Working data:
########################################
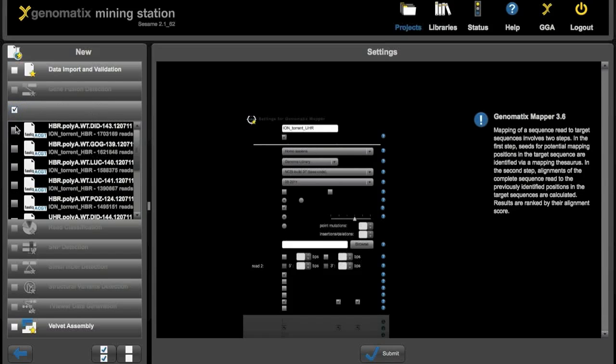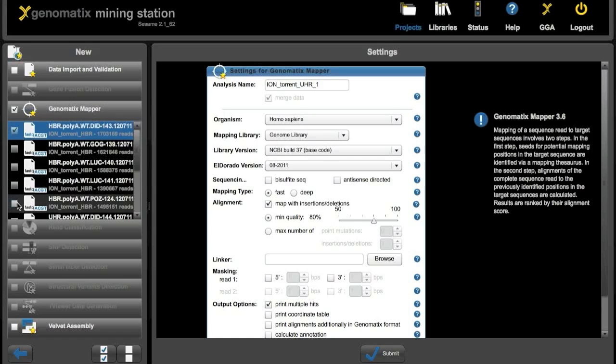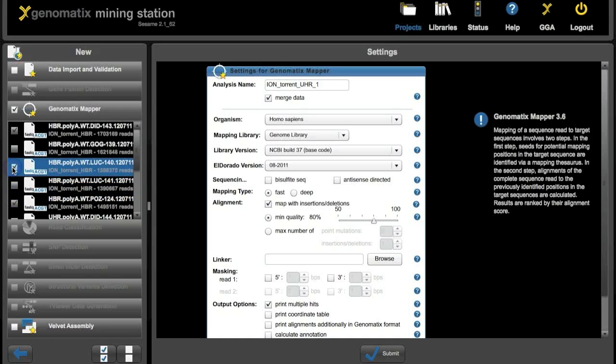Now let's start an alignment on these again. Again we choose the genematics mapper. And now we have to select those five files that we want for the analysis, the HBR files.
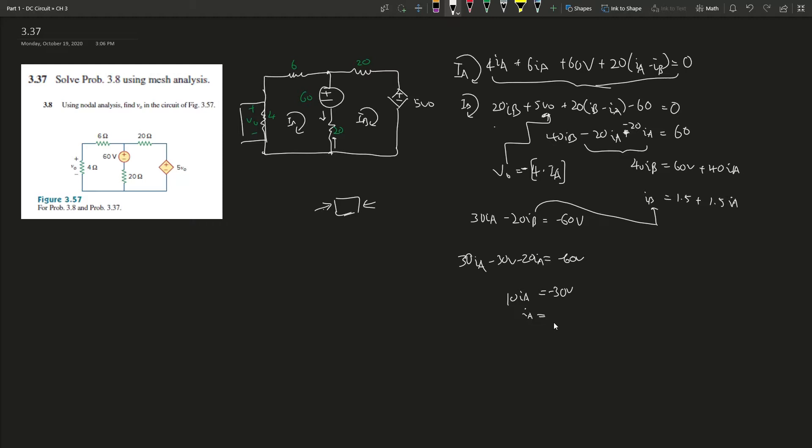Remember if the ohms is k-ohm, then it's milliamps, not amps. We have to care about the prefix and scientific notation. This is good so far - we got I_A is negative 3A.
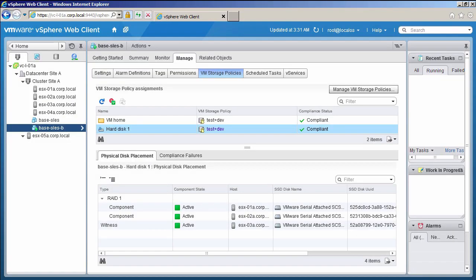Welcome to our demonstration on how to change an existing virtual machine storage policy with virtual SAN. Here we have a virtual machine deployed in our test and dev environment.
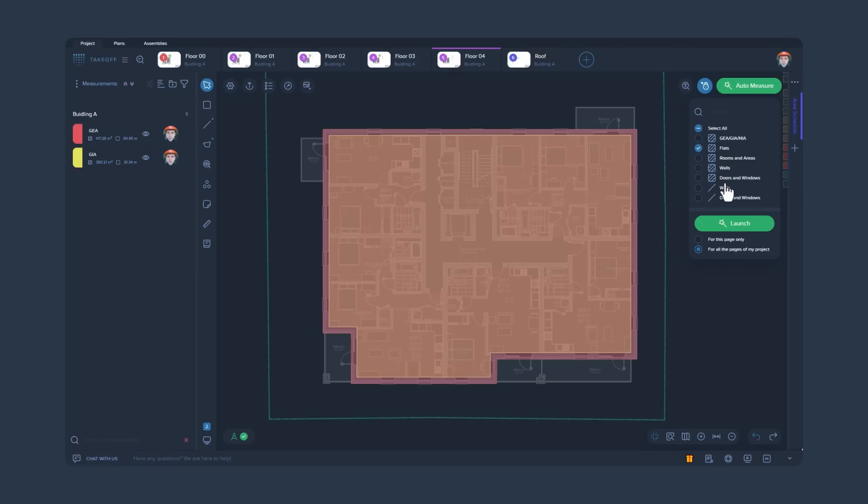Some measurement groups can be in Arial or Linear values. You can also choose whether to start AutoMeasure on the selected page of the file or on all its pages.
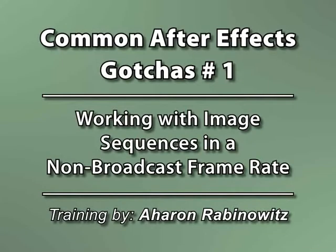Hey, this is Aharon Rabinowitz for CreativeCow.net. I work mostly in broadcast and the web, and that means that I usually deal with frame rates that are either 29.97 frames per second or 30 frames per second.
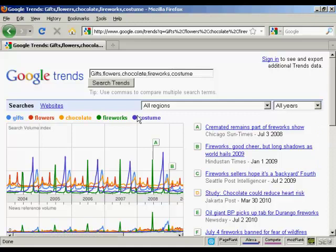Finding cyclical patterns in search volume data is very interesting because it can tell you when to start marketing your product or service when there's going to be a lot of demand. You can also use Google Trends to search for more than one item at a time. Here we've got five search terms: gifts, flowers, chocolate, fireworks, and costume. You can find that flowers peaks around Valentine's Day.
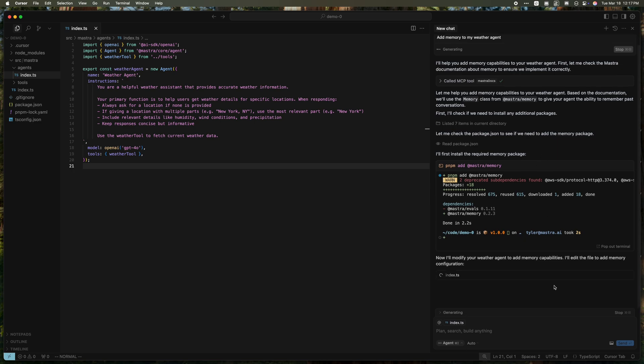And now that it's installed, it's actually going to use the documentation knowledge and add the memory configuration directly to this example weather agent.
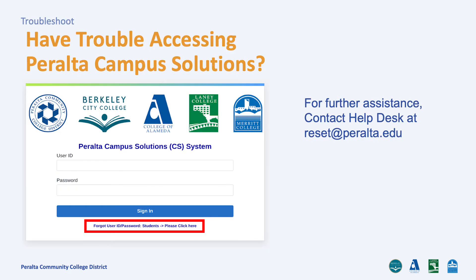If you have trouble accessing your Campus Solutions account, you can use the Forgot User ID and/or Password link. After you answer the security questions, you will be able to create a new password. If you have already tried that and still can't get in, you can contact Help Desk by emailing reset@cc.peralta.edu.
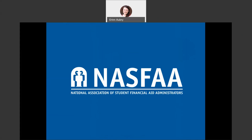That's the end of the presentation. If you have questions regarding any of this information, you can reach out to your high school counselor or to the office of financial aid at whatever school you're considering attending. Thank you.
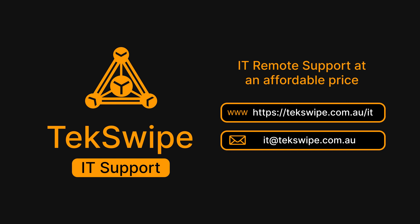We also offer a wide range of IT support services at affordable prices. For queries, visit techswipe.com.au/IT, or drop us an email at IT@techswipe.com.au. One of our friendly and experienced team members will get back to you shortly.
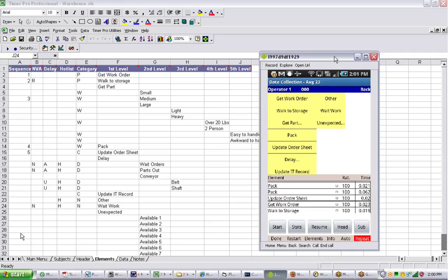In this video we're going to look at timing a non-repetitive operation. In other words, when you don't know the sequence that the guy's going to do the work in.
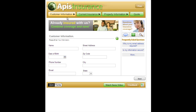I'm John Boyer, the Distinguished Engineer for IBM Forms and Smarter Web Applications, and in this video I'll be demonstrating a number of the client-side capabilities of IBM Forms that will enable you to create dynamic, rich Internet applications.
########################################
Copy each of the entries above precisely, and drop whatever pictures they hold.

Now let's start an alignment on these again. Again we choose the genematics mapper. And now we have to select those five files that we want for the analysis, the HBR files.
Remember if the ohms is k-ohm, then it's milliamps, not amps. We have to care about the prefix and scientific notation. This is good so far - we got I_A is negative 3A.
Welcome to our demonstration on how to change an existing virtual machine storage policy with virtual SAN. Here we have a virtual machine deployed in our test and dev environment.
Some measurement groups can be in Arial or Linear values. You can also choose whether to start AutoMeasure on the selected page of the file or on all its pages.
Hey, this is Aharon Rabinowitz for CreativeCow.net. I work mostly in broadcast and the web, and that means that I usually deal with frame rates that are either 29.97 frames per second or 30 frames per second.
Finding cyclical patterns in search volume data is very interesting because it can tell you when to start marketing your product or service when there's going to be a lot of demand. You can also use Google Trends to search for more than one item at a time. Here we've got five search terms: gifts, flowers, chocolate, fireworks, and costume. You can find that flowers peaks around Valentine's Day.
And now that it's installed, it's actually going to use the documentation knowledge and add the memory configuration directly to this example weather agent.
If you have trouble accessing your Campus Solutions account, you can use the Forgot User ID and/or Password link. After you answer the security questions, you will be able to create a new password. If you have already tried that and still can't get in, you can contact Help Desk by emailing reset@cc.peralta.edu.
That's the end of the presentation. If you have questions regarding any of this information, you can reach out to your high school counselor or to the office of financial aid at whatever school you're considering attending. Thank you.
We also offer a wide range of IT support services at affordable prices. For queries, visit techswipe.com.au/IT, or drop us an email at IT@techswipe.com.au. One of our friendly and experienced team members will get back to you shortly.
In this video we're going to look at timing a non-repetitive operation. In other words, when you don't know the sequence that the guy's going to do the work in.
I'm John Boyer, the Distinguished Engineer for IBM Forms and Smarter Web Applications, and in this video I'll be demonstrating a number of the client-side capabilities of IBM Forms that will enable you to create dynamic, rich Internet applications.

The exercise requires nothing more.